An early form of wedding cake was made up of small spiced buns. They were then stacked in a tower, as high as possible. If the bride and groom were able to kiss over the tall stack, it guaranteed them a lifetime of prosperity and good fortune.
The Bride’s Pie was introduced during the middle 17th century. This was a large round pie with an elaborately decorated pastry crust that concealed a filling of oysters, pine kernels, cockscombs, lamb stones,sweetbreads, and spices. Another version consisted of a large round pie containing a plump hen full of eggs, surrounded by minced meats, fruits, and nuts and embellished with ornate pastry emblems. Each guest had to eat a small piece of the pie; not to do so was considered extremely rude and impolite. A ring was traditionally placed in the pie, and the lady who found it would be the next to marry. Bride pie was still being served at weddings in some parts of England as late as the 19thcentury.
In the seventeenth century bride pie developed into bride cake, the predecessor of the modern wedding cake. Fruited cakes, as symbols of fertility and prosperity, gradually became the centerpieces for weddings.
The Meaning of White
Purity, innocence, and virginity- that is what the color white represents. Today’s brides add flowers, decorations and other accouterments to match the theme of their wedding. Although most traditional cakes are still white, off white, cream color and other colors are all used as well – it’s a matter of personal preference. Other cultures create elaborate cakes using many colors and designs.
Stacking of the Cake
Even before, cakes were stacked up in large to small layers, the tradition of stacking represented fertility. Couples would stack as many layers as they could as this symbolized the number of children that they would have. Today, a cake consists of the number of layers needed to serve the number of guests.

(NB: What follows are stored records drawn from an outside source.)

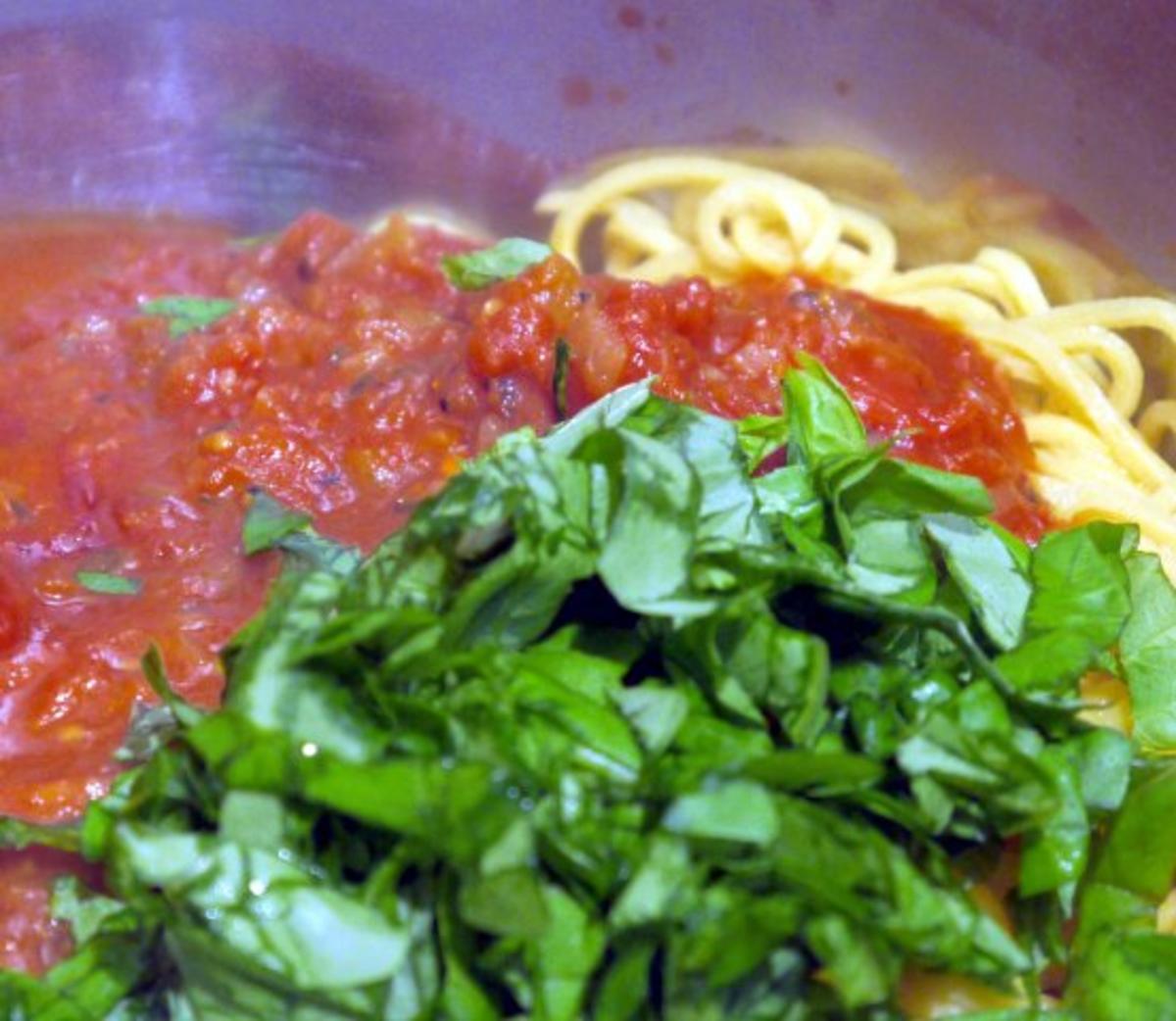 Spaghetti - Tomaten - Garnelen - Rezept - Bild Nr. 15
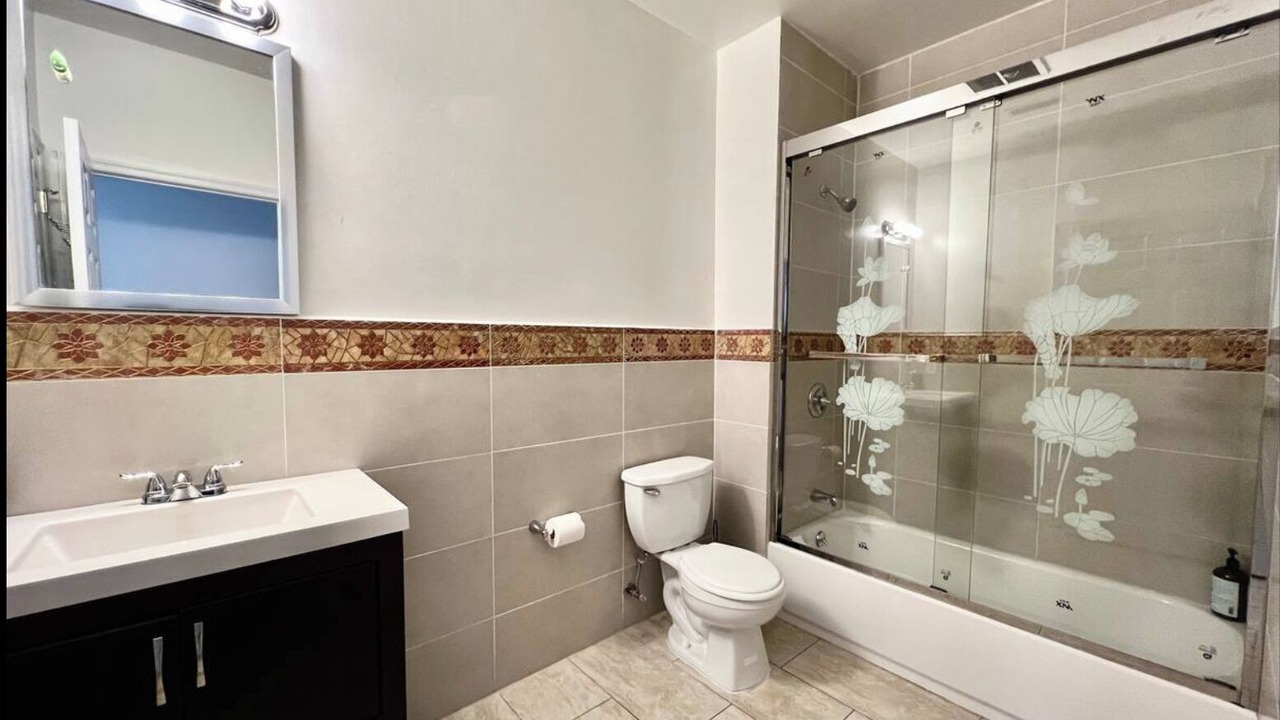Photo of Bathroom in Chinatown
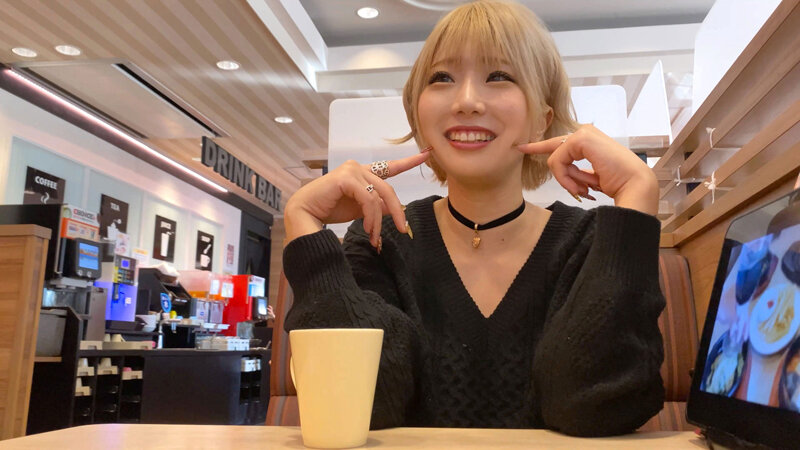 お茶している乙アリス
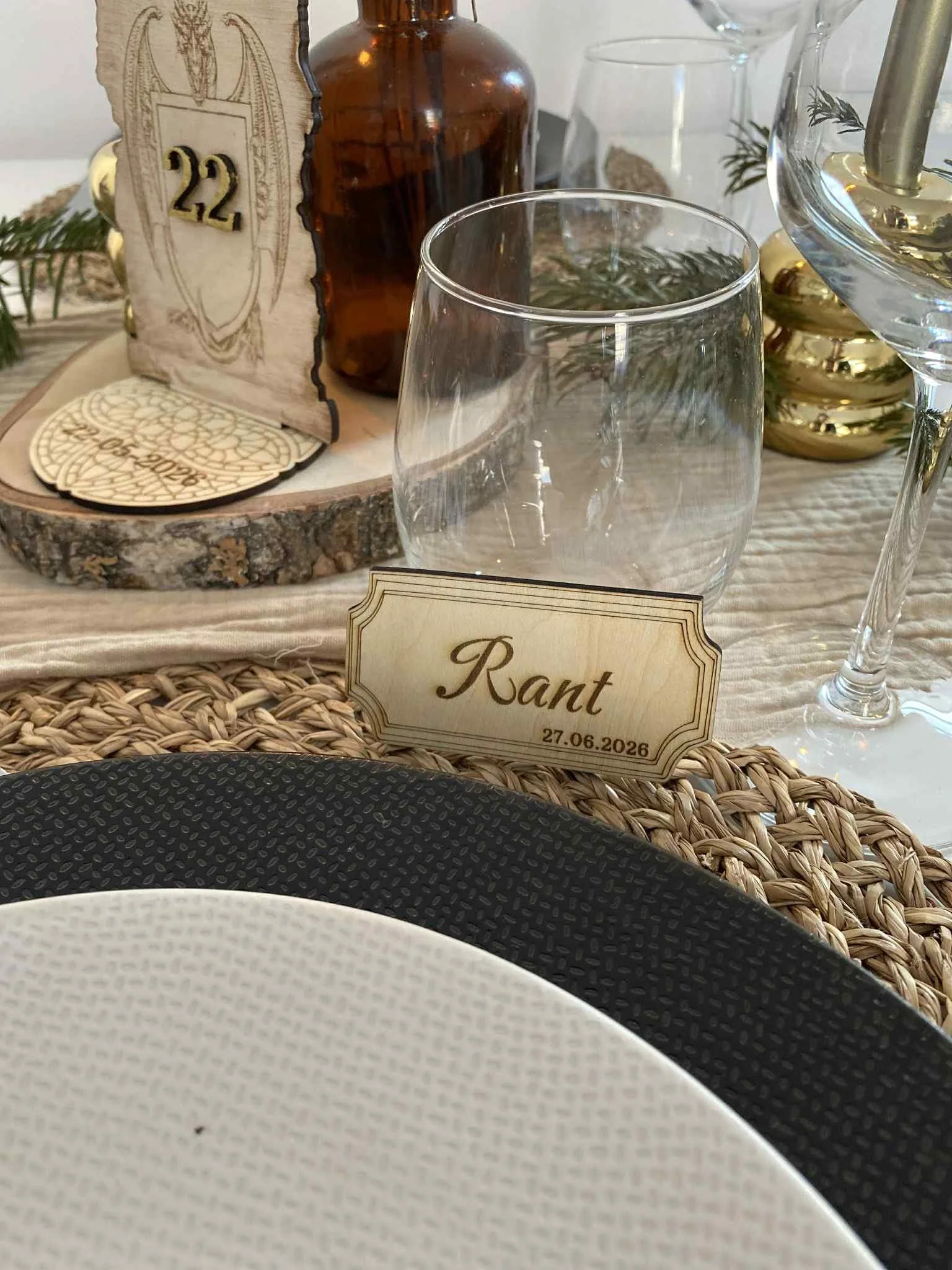 maques places - magnet - bois gravé - mariage - décoration souvenir - invités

Cutting the cake as a couple is a long-standing tradition. The groom places his hand over the bride’s and together they cut the first piece of the bottom layer symbolizing the continuity of their relationship. The meaning of the groom having his hand over his bride means his support over his bride while the bride allowing the groom’s hand on top of her means her ability to take care of her new husband and her family.
Once the cake has been cut, the groom will feed his bride, and then the bride will go second. This ritual symbolizes their commitment to provide for each other, and contains the meaning of good luck and fortune. Although some couples have altered this practice by smashing each other with their cake, most are still not comfortable with this ritual. The cutting of the cake also symbolizes the end of the wedding and the beginning of a new life together.
In the past, it was the duty of the couple to send guests home with a piece of their wedding cake similar to a wedding favor. This practice is showing a renewed interest as cakes are being designed with individually sized gift-boxed portions. It is a very economical with no clean up afterwards!